Your assignment:
Make an exact copy of the lines from the one containing "Candidato a la" through the end of the material, including both ends but no pictures.

Provided material:
···
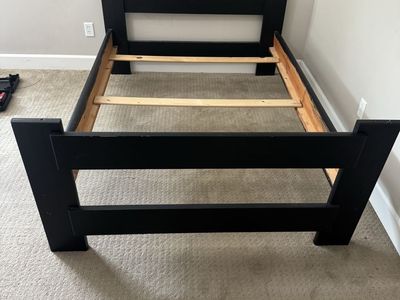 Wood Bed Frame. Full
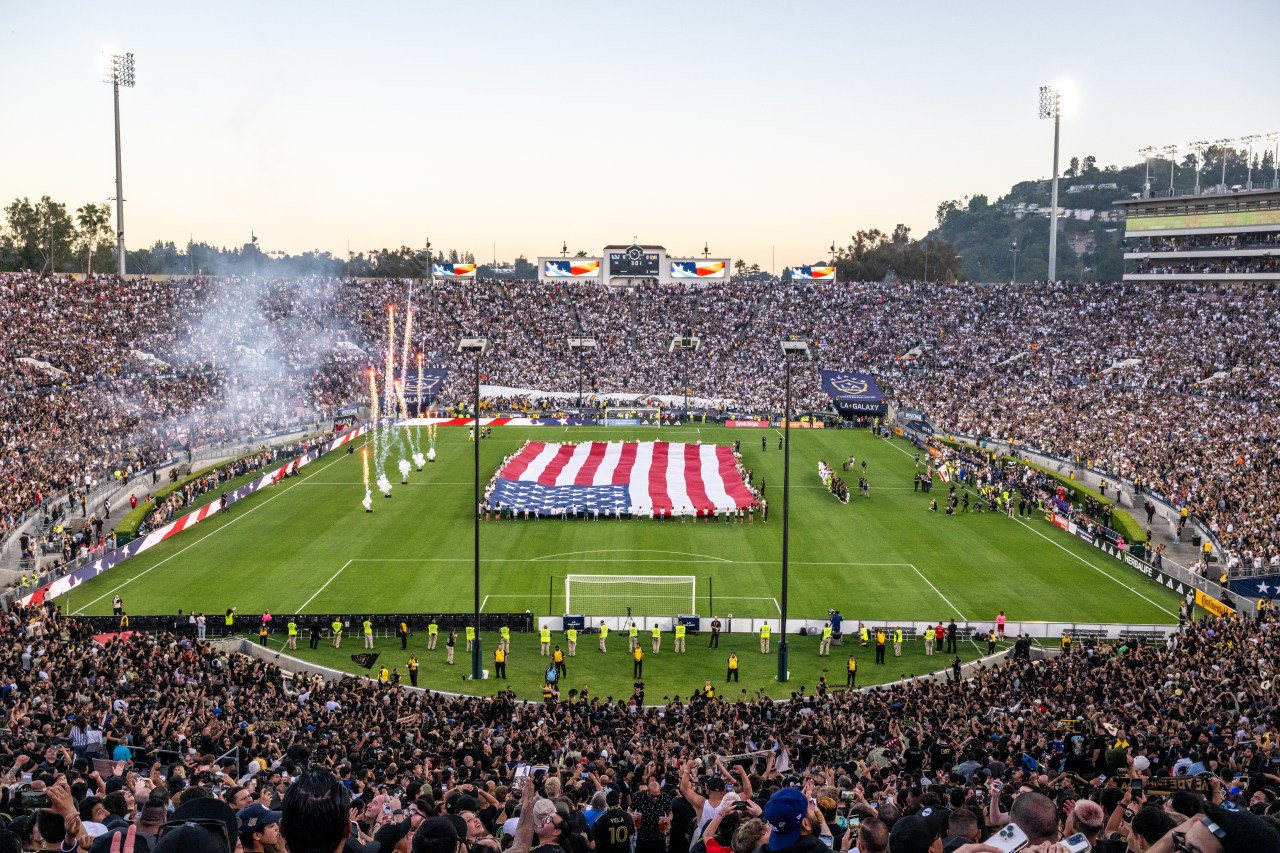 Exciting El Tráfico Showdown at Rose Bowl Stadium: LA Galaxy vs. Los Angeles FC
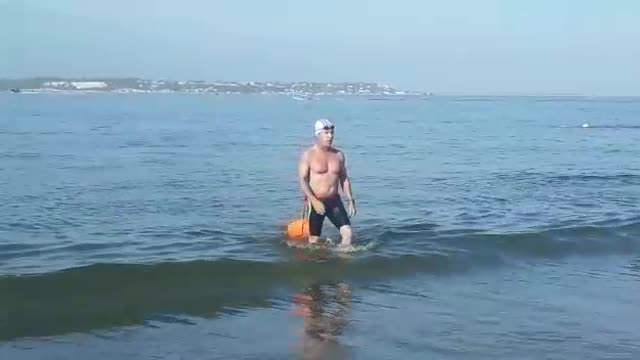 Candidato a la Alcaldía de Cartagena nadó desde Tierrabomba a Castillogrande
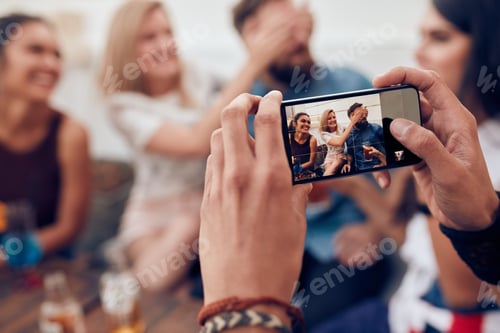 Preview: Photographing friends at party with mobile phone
···
Expected answer:
 Candidato a la Alcaldía de Cartagena nadó desde Tierrabomba a Castillogrande
 Preview: Photographing friends at party with mobile phone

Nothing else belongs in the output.